> **The data**
******

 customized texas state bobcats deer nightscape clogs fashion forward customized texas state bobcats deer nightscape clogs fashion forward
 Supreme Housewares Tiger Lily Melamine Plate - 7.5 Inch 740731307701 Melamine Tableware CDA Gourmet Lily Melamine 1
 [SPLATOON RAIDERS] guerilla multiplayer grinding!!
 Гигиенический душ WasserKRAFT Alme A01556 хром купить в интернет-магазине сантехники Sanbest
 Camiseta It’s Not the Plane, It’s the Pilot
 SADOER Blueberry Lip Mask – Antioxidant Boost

******

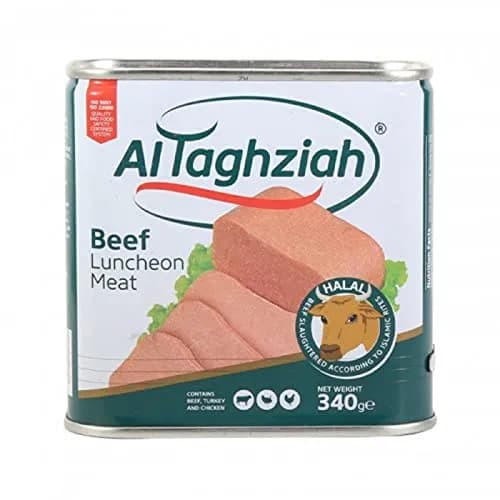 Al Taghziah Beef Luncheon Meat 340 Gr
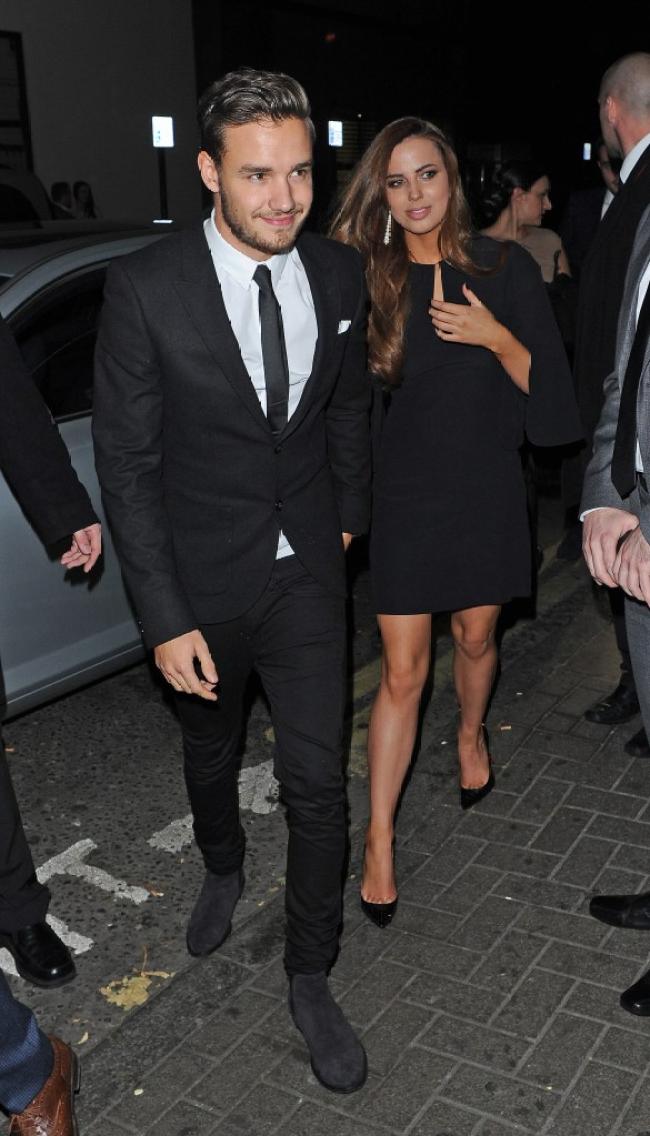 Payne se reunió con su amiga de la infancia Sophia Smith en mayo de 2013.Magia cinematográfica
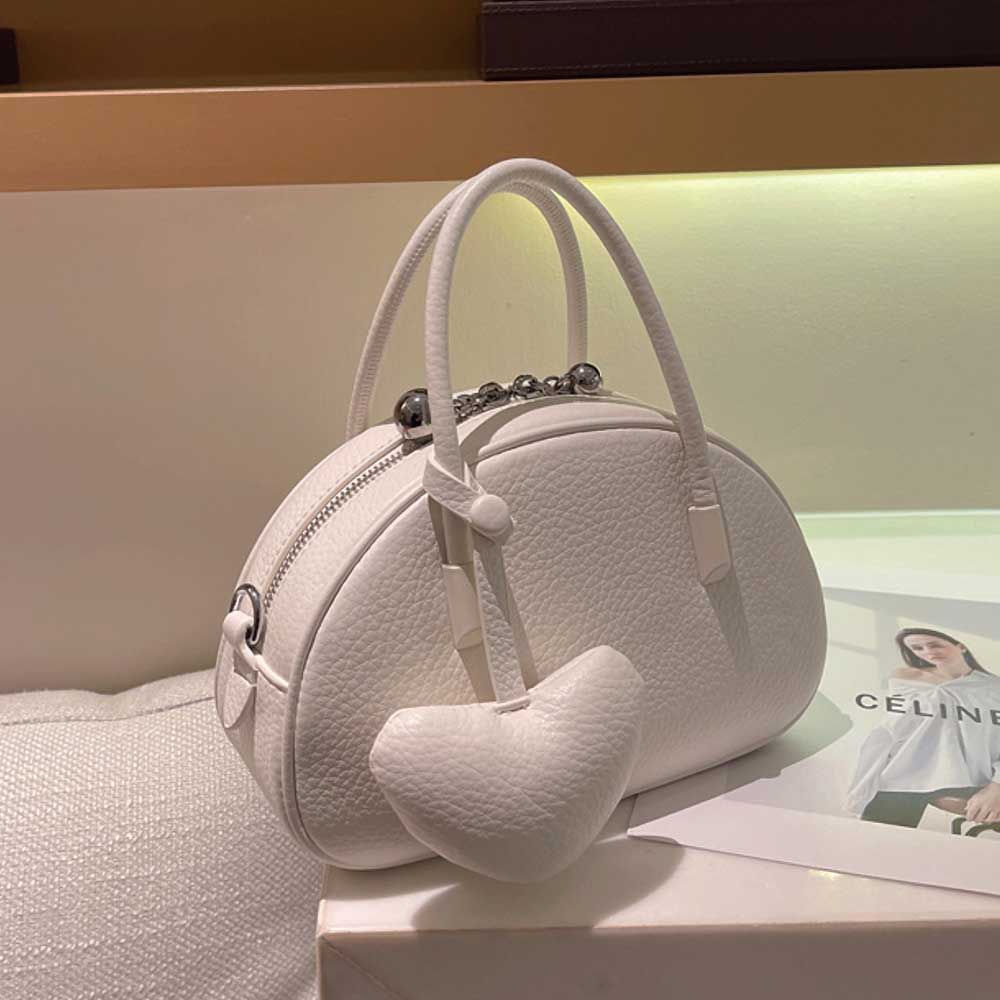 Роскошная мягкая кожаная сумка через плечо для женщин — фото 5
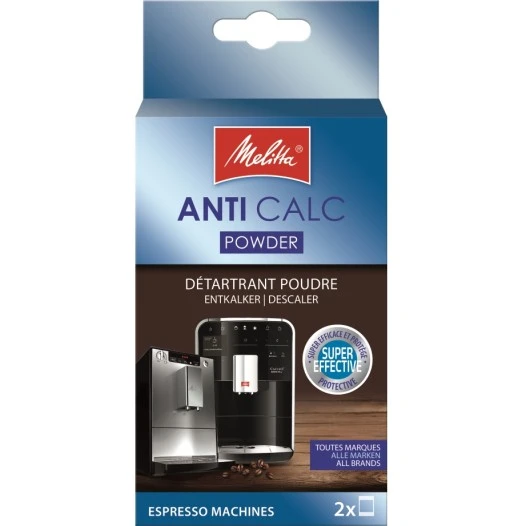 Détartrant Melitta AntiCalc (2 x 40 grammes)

******

> **To do**
Within the listing above, copy exactly the lines that start at the one with "Al Taghziah Beef Luncheon Meat 340 Gr" and continue through the one with "Détartrant Melitta AntiCalc (2 x 40 grammes)". Omit pictures.

> **Problem solution**
 Al Taghziah Beef Luncheon Meat 340 Gr
 Payne se reunió con su amiga de la infancia Sophia Smith en mayo de 2013.Magia cinematográfica
 Роскошная мягкая кожаная сумка через плечо для женщин — фото 5
 Détartrant Melitta AntiCalc (2 x 40 grammes)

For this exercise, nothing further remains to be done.